Alas Clarín tasó, criticó y frecuentemente ridiculizó lo que salía de las imprentas españolas. Fue un ineludible y hábil polemista. Muy llamativos fueron sus enfrentamientos con Francisco Blanco García, Manuel del Palacio, Emilio Ferrari, José Lázaro Galdeano y, sobre todo, con Luis Bonafoux. Con Emilio Bobadilla, que usaba el cognombre Fray Candil, el cruce de opiniones y agravios fue a más y se resolvió en un duelo de sables que se suspendió al caer Clarín sobre su arma y cortarse el labio. Alas Clarín continuó emitiendo su juicio independiente y enfrentando a la política que se come a la literatura, a las mafias intelectuales, a los periodistas peseteros, a los escritores arribistas, aunque fuera predicar en el desierto pues, como escribió en el epílogo que sirve de prólogo a Sermón perdido, ni los malos escritores se enmendarán ni los buenos serán más respetados por el vulgo. De Sermón perdido, por cierto, podemos citar un fragmento que da fe del calibre de la crítica clariniana:
Publica un autor bueno, de esos que se pueden contar con los dedos de las manos, sin repetir, publica un libro o escribe un drama y entonces el bobo solapado se hace el descontentadizo, escatima el aplauso, prodiga la censura y con buenas palabras les dice a Galdós o a Campoamor, por ejemplo, que tengan cuidado porque decaen mucho, y el mejor día les pone el pie delante cualquier novelista o poeta de los que el bobo caprichoso descubre y apadrina.

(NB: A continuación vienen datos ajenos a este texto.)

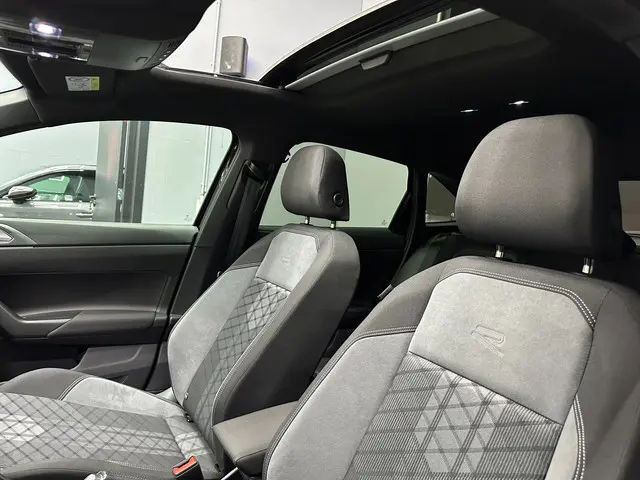 Volkswagen Taigo 1.5 TSI R-Line 2023 Benzine 8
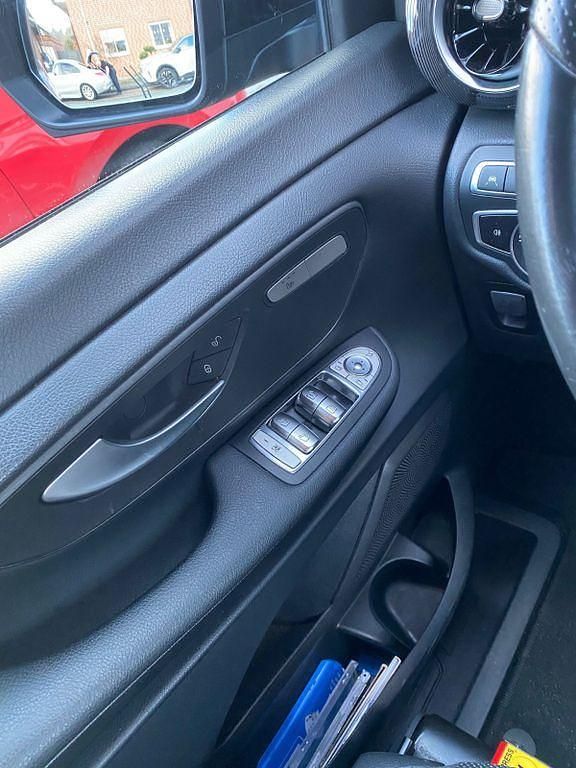 Gebraucht Mercedes V220 Edition 163 PS (119 kW) 2019 Schwarz Van / Kleinbus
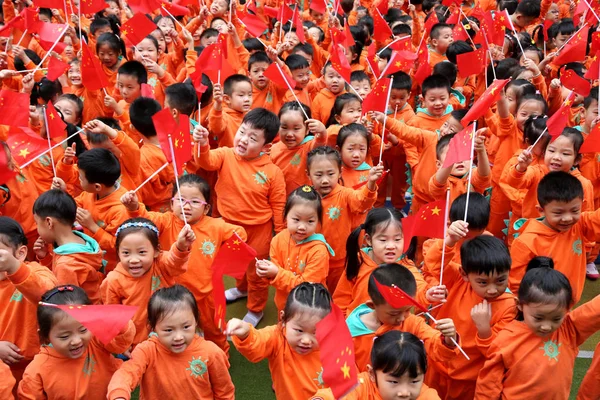 Молодые Дети Размахивают Китайскими Национальными Флагами Поют Песню Честь Предстоящего — стоковое фото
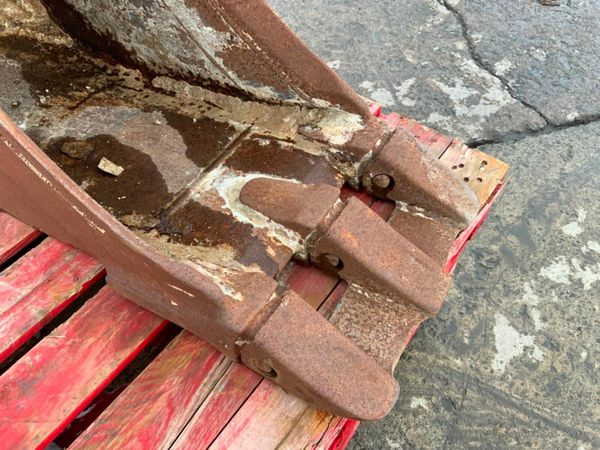 18" MILLAR SCOOP BUCKET......65mm PINS....190. 377208755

Si Clarín fue el crítico literario más influyente en su tiempo, como creador ha cobrado trascendencia. No por nada se ha dicho en varios lugares que La Regenta es la gran novela en lengua española del siglo XIX y Mariano Baquero Goyanes definió a Clarín como el creador del cuento español. Varios críticos apuntan en esa línea sobre todo por su feraz producción. Lo cierto es que tan sólo la maestría de "¡Adiós, Cordera!" lleva a Clarín a ocupar un lugar entre los autores clásicos de todos los tiempos.